■ **What you have to do**
Leave the pictures in the listing below aside and reproduce exactly the lines starting with the one with "this 1200×840 image." and going on through the one with "this 600×400 image.", both ends included.

■ **Source material**

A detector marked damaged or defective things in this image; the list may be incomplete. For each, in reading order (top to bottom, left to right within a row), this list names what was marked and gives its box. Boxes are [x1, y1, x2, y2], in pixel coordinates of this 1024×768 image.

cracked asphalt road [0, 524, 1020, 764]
--
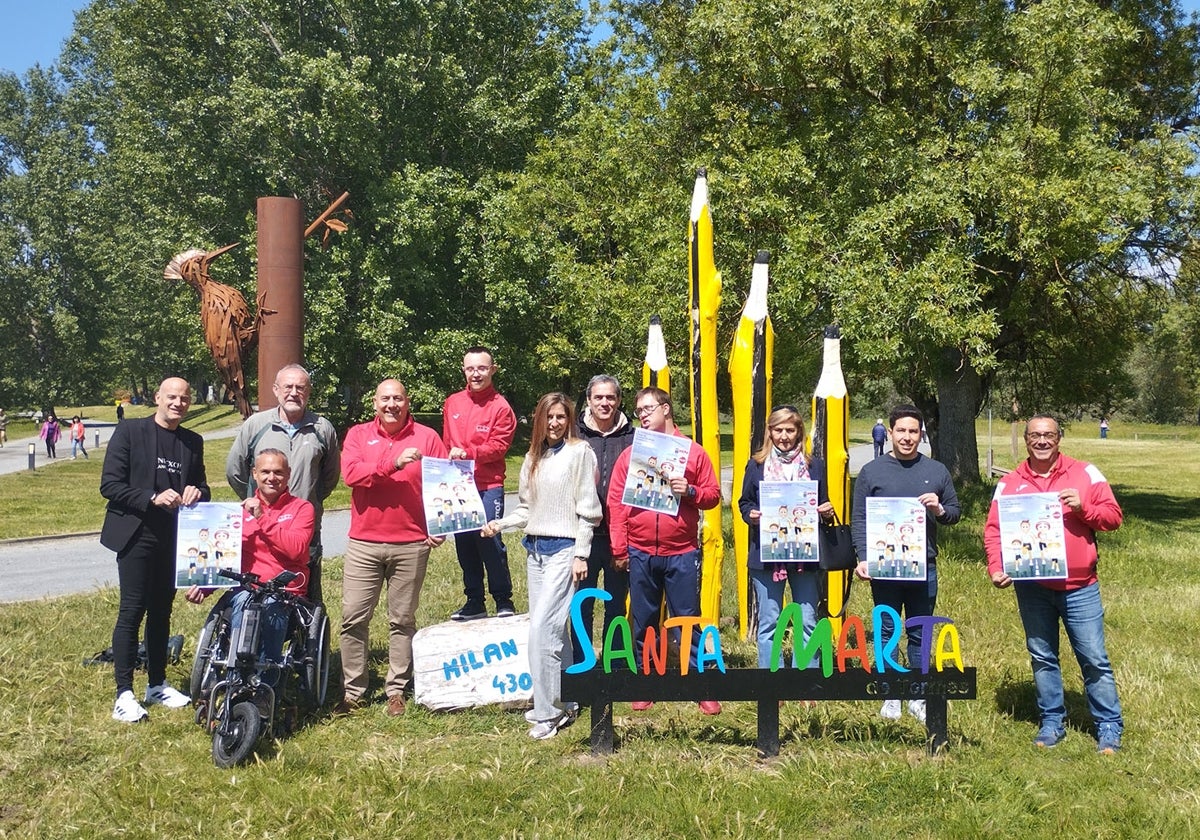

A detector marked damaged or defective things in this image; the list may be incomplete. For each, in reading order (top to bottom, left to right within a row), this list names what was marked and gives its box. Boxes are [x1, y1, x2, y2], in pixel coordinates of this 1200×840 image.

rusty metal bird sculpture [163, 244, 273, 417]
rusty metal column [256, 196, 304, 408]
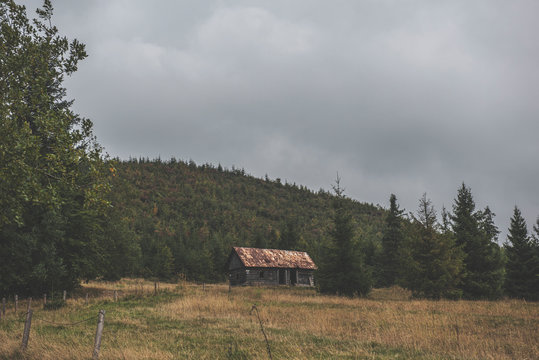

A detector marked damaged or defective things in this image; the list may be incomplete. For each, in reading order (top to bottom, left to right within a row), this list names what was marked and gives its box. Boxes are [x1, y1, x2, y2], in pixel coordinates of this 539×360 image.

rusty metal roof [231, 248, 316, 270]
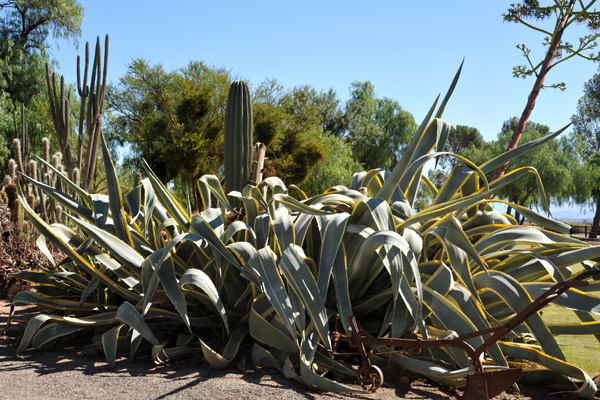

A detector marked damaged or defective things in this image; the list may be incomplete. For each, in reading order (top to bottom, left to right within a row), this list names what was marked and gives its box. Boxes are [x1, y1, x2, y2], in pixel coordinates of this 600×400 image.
--
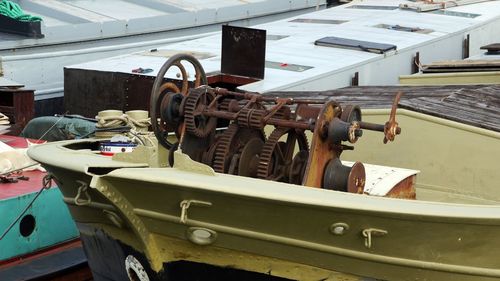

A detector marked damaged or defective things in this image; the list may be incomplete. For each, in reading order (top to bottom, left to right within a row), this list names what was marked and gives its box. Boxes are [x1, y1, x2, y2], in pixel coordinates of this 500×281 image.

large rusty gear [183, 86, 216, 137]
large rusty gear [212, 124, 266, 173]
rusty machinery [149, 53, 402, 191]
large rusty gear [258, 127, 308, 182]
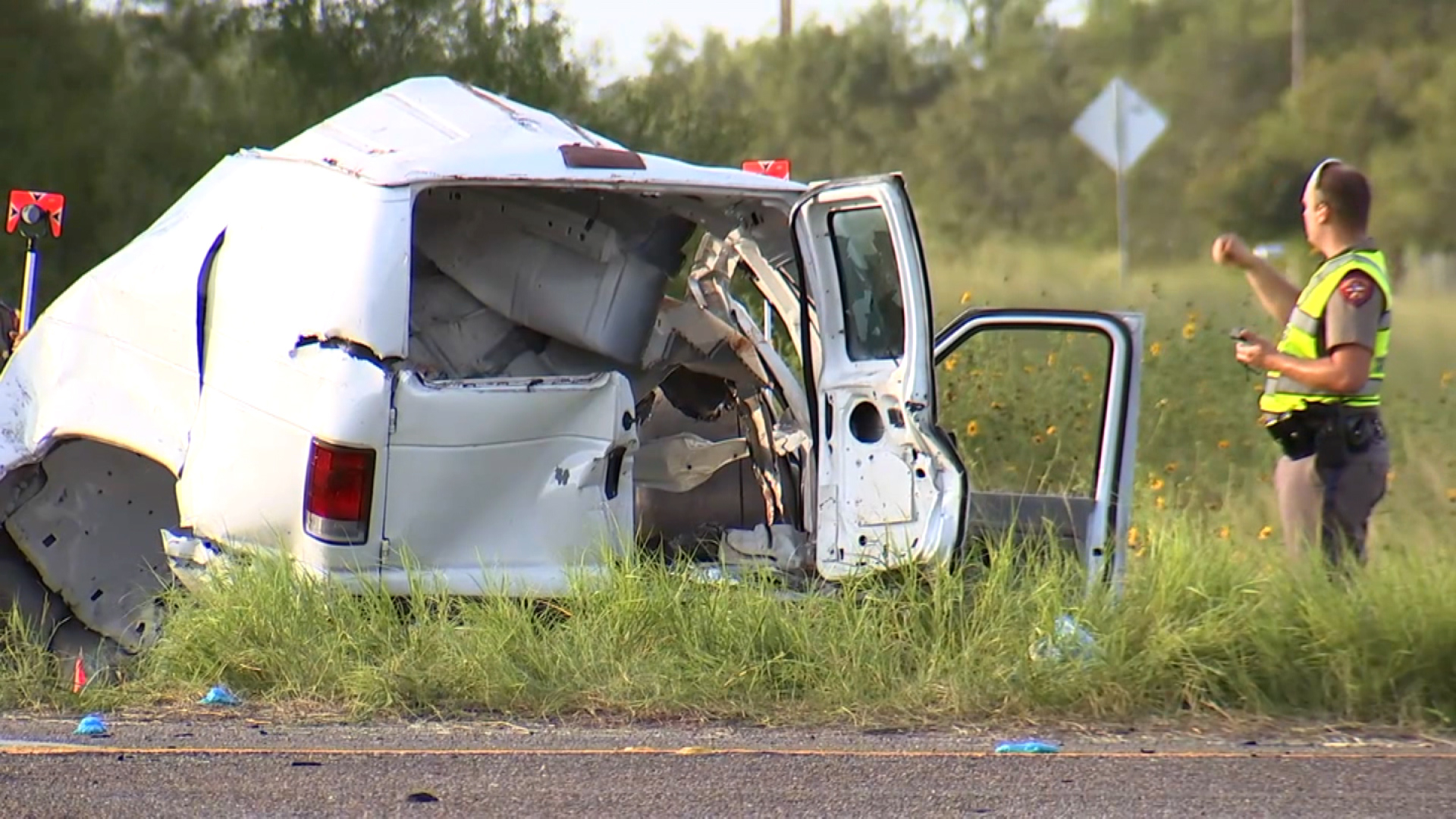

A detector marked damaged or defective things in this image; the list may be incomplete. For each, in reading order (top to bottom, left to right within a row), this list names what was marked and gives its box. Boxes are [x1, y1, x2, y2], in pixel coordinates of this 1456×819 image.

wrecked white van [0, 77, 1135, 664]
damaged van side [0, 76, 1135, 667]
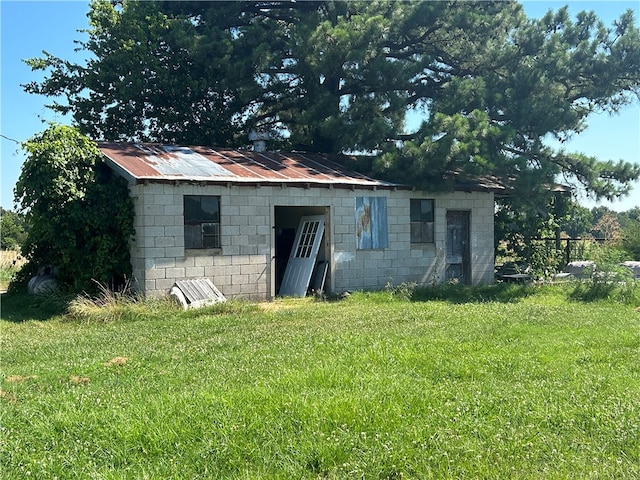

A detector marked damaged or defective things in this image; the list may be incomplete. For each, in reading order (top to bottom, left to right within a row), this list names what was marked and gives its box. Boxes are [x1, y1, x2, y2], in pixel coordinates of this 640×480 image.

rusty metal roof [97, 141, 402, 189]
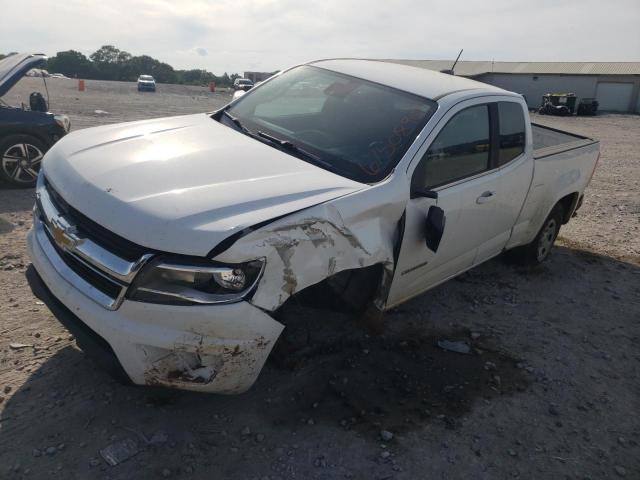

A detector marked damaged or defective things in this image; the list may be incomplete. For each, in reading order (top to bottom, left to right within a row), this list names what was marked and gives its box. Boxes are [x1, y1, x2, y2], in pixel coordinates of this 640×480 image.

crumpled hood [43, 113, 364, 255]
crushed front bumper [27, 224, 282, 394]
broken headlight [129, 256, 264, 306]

■ **Response area**
A detector marked damaged or defective things in this image; the list may be incomplete. For each, in reading order (top to bottom, left to right within a row), this list names what was marked and gives its box. Boxes are [x1, y1, x2, y2], in pixel coordinates of this 1200×840 image.

rusty metal bird sculpture [163, 244, 273, 417]
rusty metal column [256, 196, 304, 408]

A detector marked damaged or defective things in this image; the list may be incomplete. For each, in reading order (top to bottom, left to right within a row), this list names what was marked and gives its box. Boxes are [x1, y1, x2, y2], in pixel coordinates of this 539×360 image.

rusty metal roof [231, 248, 316, 270]

A detector marked damaged or defective things in this image; the list may be incomplete. For each, in reading order (top to bottom, left to right within a row), this list names what was marked and gives its box. Boxes are [x1, y1, x2, y2], in pixel coordinates of this 600×400 image.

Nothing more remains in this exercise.